Belum hilang dari ingatan. Tanggal 18 Maret 2015 lalu kita baru melakukan RUPP (Rapat Umum Pekerja Pertamina) “Rapatkan Barisan Untuk Blok Mahakam”. Sebelumnya pada tanggal 5 Juni 2014 kita juga lakukan Solidaritas FSPPB Long March dengan tema “Membangun Kedaulatan Pengelolaan Migas Indonesia” yang salah satu agendanya juga mengusung Blok Mahakam. Serta banyak lagi agenda FSPPB lainnya terkait ini.
Kemarin, tanggal 6 Agustus 2015 dilakukan longmarch dalam rangka Tasyakuran “tolak sharedown Blok Mahakam”. Kegiatan ini diikuti lebih dari 1300 orang yang berasal dari 19 SP dibawah koordinasi FSPPB, ditambah berbagai elemen masyarakat.
Aksi ini dipicu akibat keputusan Pemerintah melalui Kementerian ESDM yang menetapkan bahwa Total E&P Indonesie dan Inpex Corporation masih mendapatkan jatah 30 persen. Disini nyata terlihat tidak konsistennya Pemerintah. Apa yang dijanjikan 100% untuk Pertamina, mereka ingkari. Apa salah kita “Pertamina” sehingga tidak diberikan kepercayaan oleh Pemerintah.
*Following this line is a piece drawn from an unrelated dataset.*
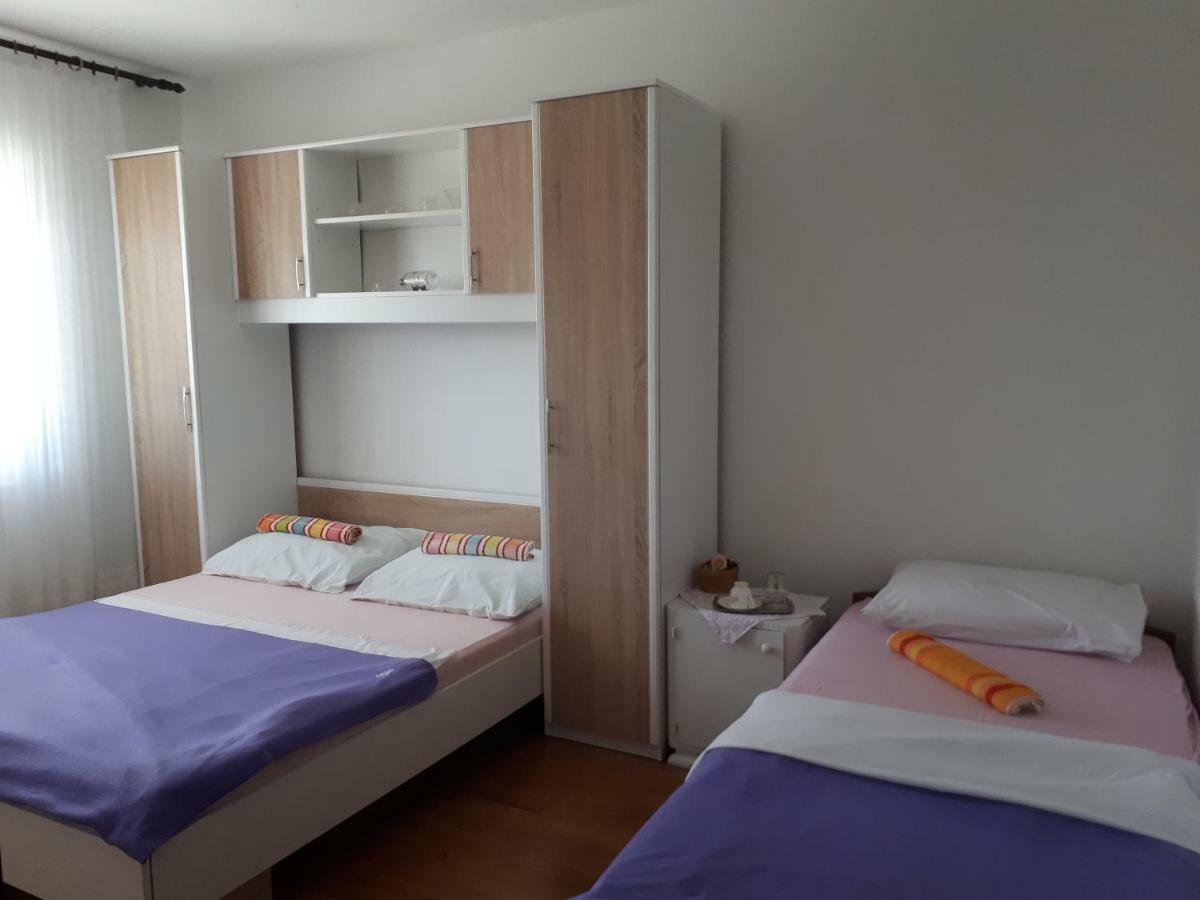 Luminaria Solis Vacation Home Rogoznica  Exterior foto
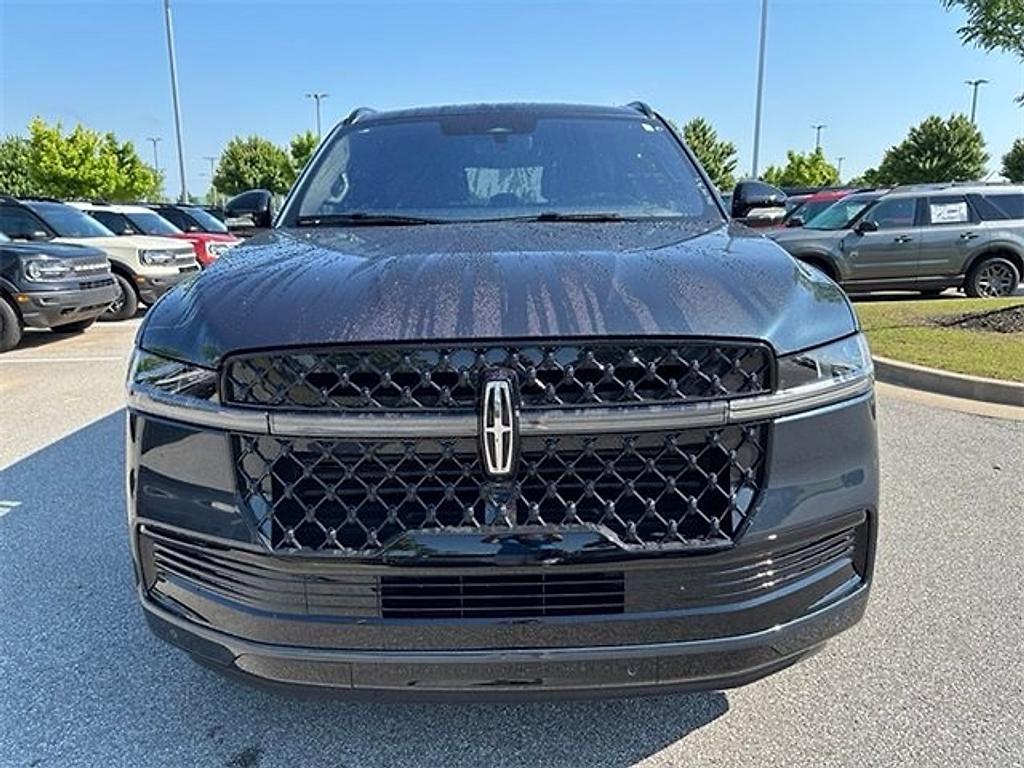 new 2025 Lincoln Navigator car, priced at $103,807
Menilik dari sejarah, 50 tahun Blok Mahakam dikelola “dikuasai” oleh asing “Total Prancis dan Inpex Jepang” sejak 31 Maret 1967 dan akan berakhir pada 31 Desember 2017. Rasanya sudah lebih dari cukup mereka mengeruk isi perut negeri ini. Sesuai UU, Blok ini harusnya dikembalikan dan dikelola oleh Pemerintah 100% melalui Pertamina sebagai BUMN. Untuk itu kita wajib meng-amini bahwa setiap pemikiran dan upaya yang menggiring untuk diberikan kepada asing adalah sebuah pengkhianatan terhadap rakyat negeri ini.
Harusnya Pemerintah menjadi inspirator. Berbuat nyata untuk mengembalikan ke pangkuan bumi pertiwi. Kita harus waspada, jangan sampai terjadi seperti Freeport yang kembali ke asing karena banyak permainan trik yang dilakukan untuk mengelabui rakyat. Karena itu semua Pekerja dan elemen masyarakat harus bersatu dan berjuang dengan semangat dan tekad yang sama. Kita harus mampu mencontoh perjuangan para pendahulu kita dalam merebut kemerdekaan dari penjajah “asing”. Taruhannya hanya dua “hidup atau mati”. Semangat para pejuang ini perlu di-reinkarnasi, agar asing dan anteknya tidak memandang sebelah mata dan mengerdilkan kemampuan anak bangsa untuk mengelola Blok Mahakam.
Bagi pekerja “FSPPB” dan elemen masyarakat yang tergabung didalamnya, penguasaan 100% Blok Mahakam oleh Pertamina merupakan HARGA MATI. Jika tuntutan ini tidak dipenuhi akan ada eskalasi aksi. Pekerja harus bersatu padu mempertahankan kedaulatan energi nasional. Sebab jika ini diabaikan, akan berdampak timbulnya kerugian yang luar biasa bagi negeri ini.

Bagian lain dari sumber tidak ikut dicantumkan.